- Task:
Only the lines from the one containing "lesquelles il est" through the one containing "individuelles, celui" should be printed, exactly as they appear below, with both ends included.

┏━━

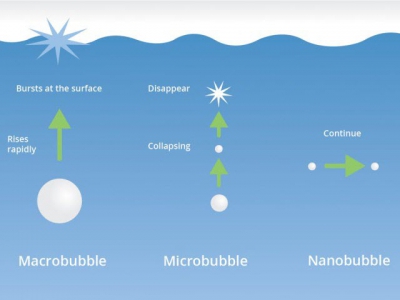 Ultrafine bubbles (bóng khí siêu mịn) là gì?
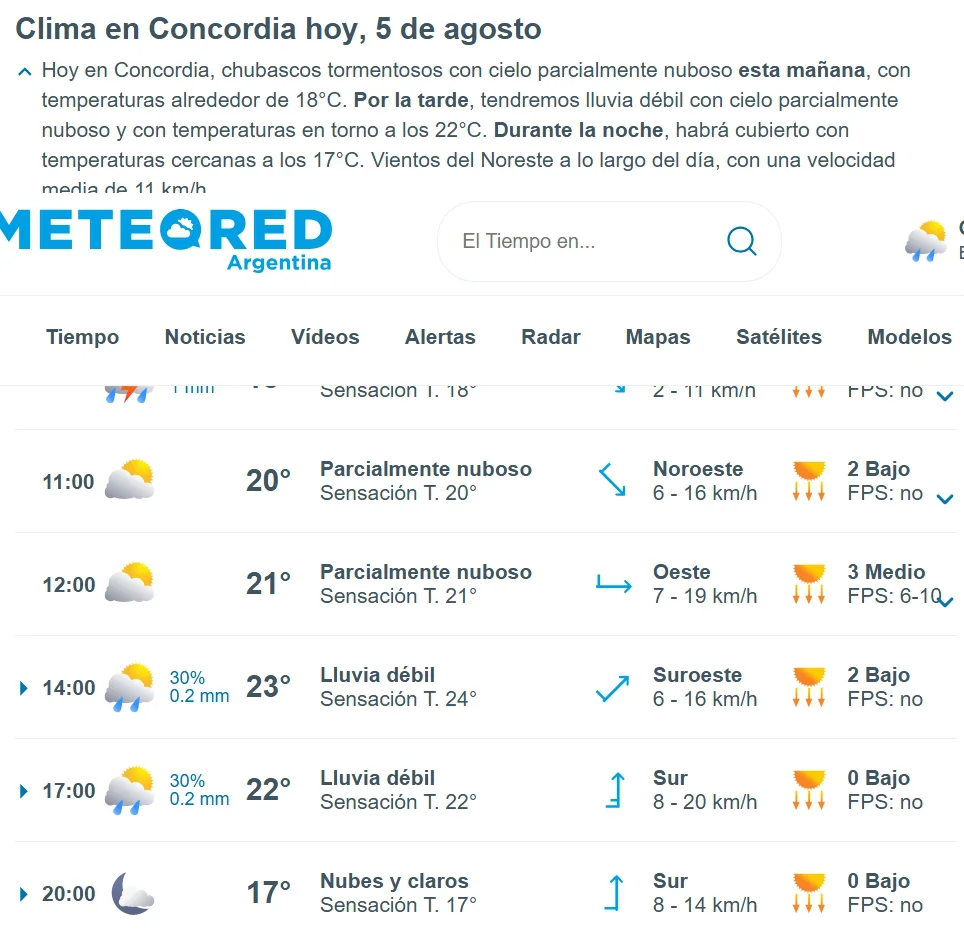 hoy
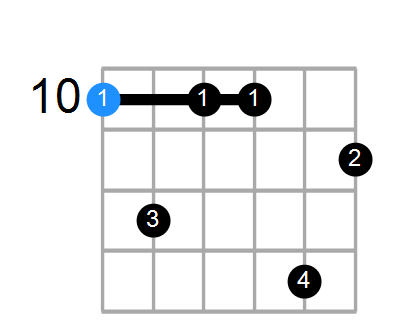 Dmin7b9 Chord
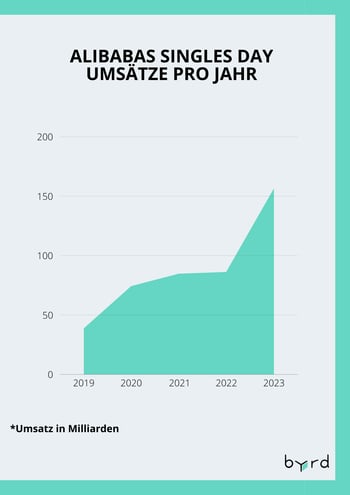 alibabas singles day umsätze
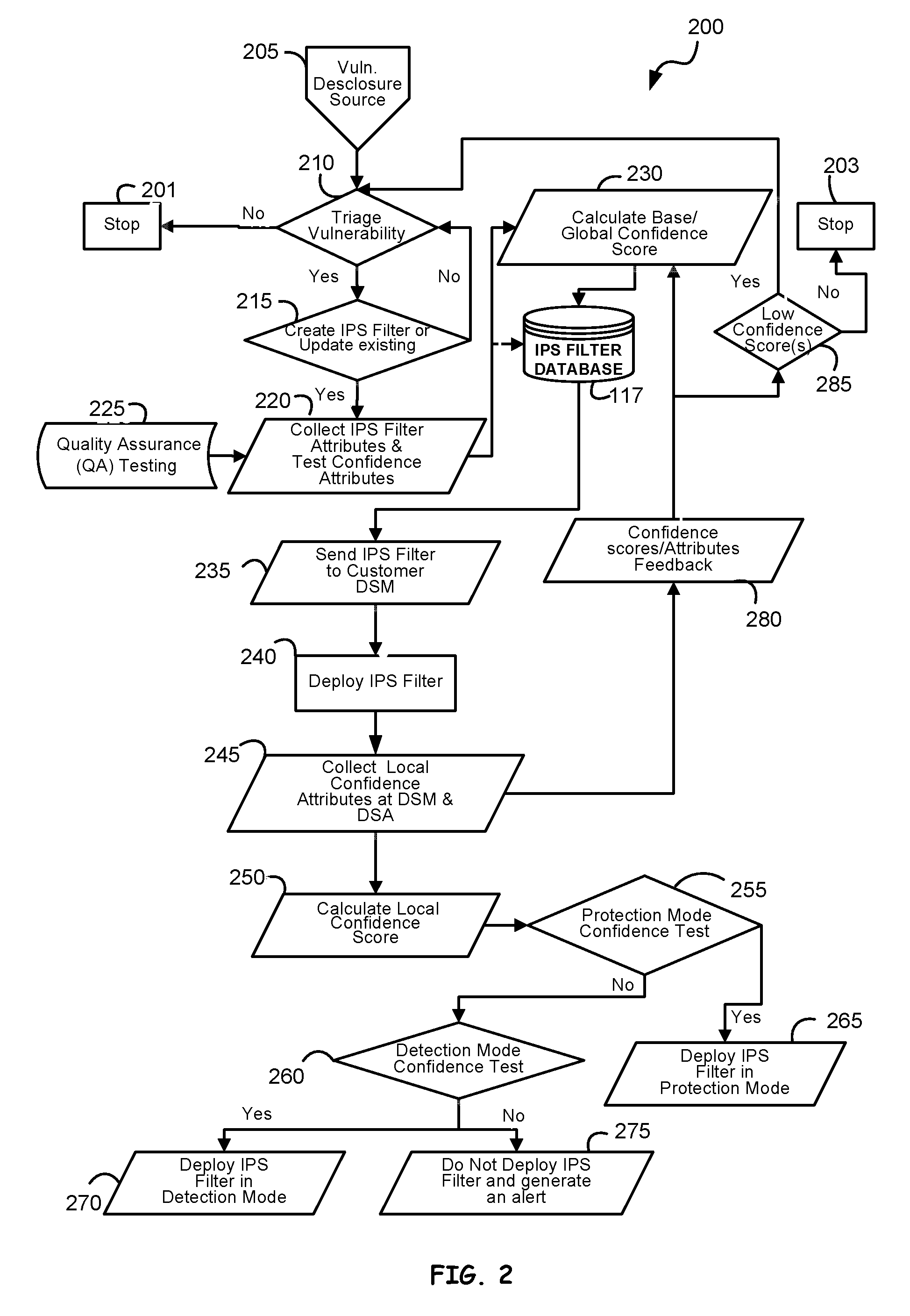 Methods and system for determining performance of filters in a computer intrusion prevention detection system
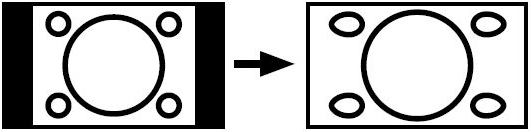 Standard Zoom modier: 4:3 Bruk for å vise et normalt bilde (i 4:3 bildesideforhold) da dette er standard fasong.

┗━━
┏━━

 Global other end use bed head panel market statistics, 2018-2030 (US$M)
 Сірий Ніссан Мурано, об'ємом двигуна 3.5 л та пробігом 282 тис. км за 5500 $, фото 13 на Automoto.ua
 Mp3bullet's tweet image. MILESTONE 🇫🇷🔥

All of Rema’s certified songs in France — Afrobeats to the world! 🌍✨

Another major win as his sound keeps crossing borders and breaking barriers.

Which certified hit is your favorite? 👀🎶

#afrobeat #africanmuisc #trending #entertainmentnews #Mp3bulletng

┗━━
┏━━

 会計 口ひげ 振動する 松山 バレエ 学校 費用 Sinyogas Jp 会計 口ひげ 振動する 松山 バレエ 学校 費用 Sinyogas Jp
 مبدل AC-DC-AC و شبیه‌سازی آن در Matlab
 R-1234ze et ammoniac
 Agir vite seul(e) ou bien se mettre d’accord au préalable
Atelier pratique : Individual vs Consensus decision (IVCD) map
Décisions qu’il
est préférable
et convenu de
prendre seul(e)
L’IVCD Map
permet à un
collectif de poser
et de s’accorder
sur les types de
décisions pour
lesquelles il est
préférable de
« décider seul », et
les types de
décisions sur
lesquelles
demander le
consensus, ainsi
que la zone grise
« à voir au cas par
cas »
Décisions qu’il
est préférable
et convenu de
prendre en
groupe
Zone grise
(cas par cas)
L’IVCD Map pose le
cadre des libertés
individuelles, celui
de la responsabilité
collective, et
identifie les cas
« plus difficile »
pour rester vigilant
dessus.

┗━━

- Written reply:
lesquelles il est
préférable de
« décider seul », et
les types de
décisions sur
lesquelles
demander le
consensus, ainsi
que la zone grise
« à voir au cas par
cas »
Décisions qu’il
est préférable
et convenu de
prendre en
groupe
Zone grise
(cas par cas)
L’IVCD Map pose le
cadre des libertés
individuelles, celui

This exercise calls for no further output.